Dari situ, perhatian terhadap Candi Borobudur mulai memuncak. Raffles memerintahkan tim untuk melakukan pemugaran. Prosesnya dibantu oleh arkeolog Belanda, Christian Cornelius, yang sebelumnya sudah terlibat dalam beberapa restorasi candi di Jawa. Tim Hanningan dalam buku *Raffles dan Invasi Inggris ke Jawa* (2015) menyebutkan, Raffles, Tan, dan Cornelius bersama 200-an warga lokal segera merenovasi Candi Borobudur.
Mereka memangkas rerumputan liar dan menggali tanah secara perlahan. Setelah dua minggu kerja, megahnya Candi Borobudur akhirnya terlihat kembali. Cornelius mencatat detail candi tersebut dan melaporkan kepada Raffles di Batavia. Keberadaan Candi Borobudur yang tersembunyi sebelumnya kini menjadi sorotan para ahli Eropa. Ini menjadi awal dari perjalanan kebangkitan candi yang menjadi bagian dari warisan budaya dunia.

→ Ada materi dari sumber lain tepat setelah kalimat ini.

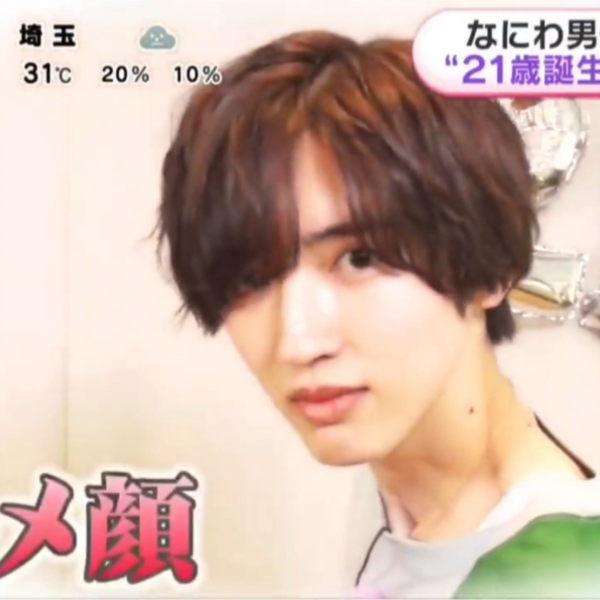 なにわ男子　道枝駿佑　なにわのにわ なにわ男子・道枝駿佑「MEN'S NON-NO」編集部と信頼関係を築き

Setelah Inggris meninggalkan Jawa pada 1816, pemerintah kolonial Belanda akhirnya ikut andil dalam upaya memperbaiki situs bersejarah itu. Hasil dari pemugaran dan penggalian yang berkelanjutan kini dapat dinikmati oleh dunia. Tan Jin Sing, Raffles, dan Cornelius dianggap sebagai tokoh penting yang memastikan Candi Borobudur tidak lagi menjadi reruntuhan tak dikenal. Pemugaran tersebut juga membuka jalan bagi pariwisata budaya yang berkembang pesat di daerah tersebut.
Candi Borobudur Ternyata Ditemukan Warga Tionghoa menjadi cerita yang tidak hanya menggambarkan keberhasilan penemuan arkeologi, tetapi juga kerja sama antara tokoh lokal dan penjajah. Tan Jin Sing, sebagai bupati Yogyakarta, menunjukkan peran pentingnya warga Tionghoa dalam memperkenalkan kekayaan sejarah Indonesia ke dunia internasional. Peristiwa ini menjadi contoh bagaimana pengetahuan lokal dapat menjadi kunci untuk mengungkap aset budaya yang tersembunyi.
Berkat penemuan ini, Candi Borobudur akhirnya diakui sebagai salah satu warisan budaya paling penting di Asia Tenggara. Situs tersebut juga menjadi pusat kegiatan wisata budaya yang menarik banyak pengunjung. Cerita Tan Jin Sing dan peran warga Tionghoa dalam keberadaan Candi Borobudur Ternyata Ditemukan Warga Tionghoa masih menjadi bahan pembelajaran bagi generasi muda tentang pentingnya melestarikan warisan sejarah.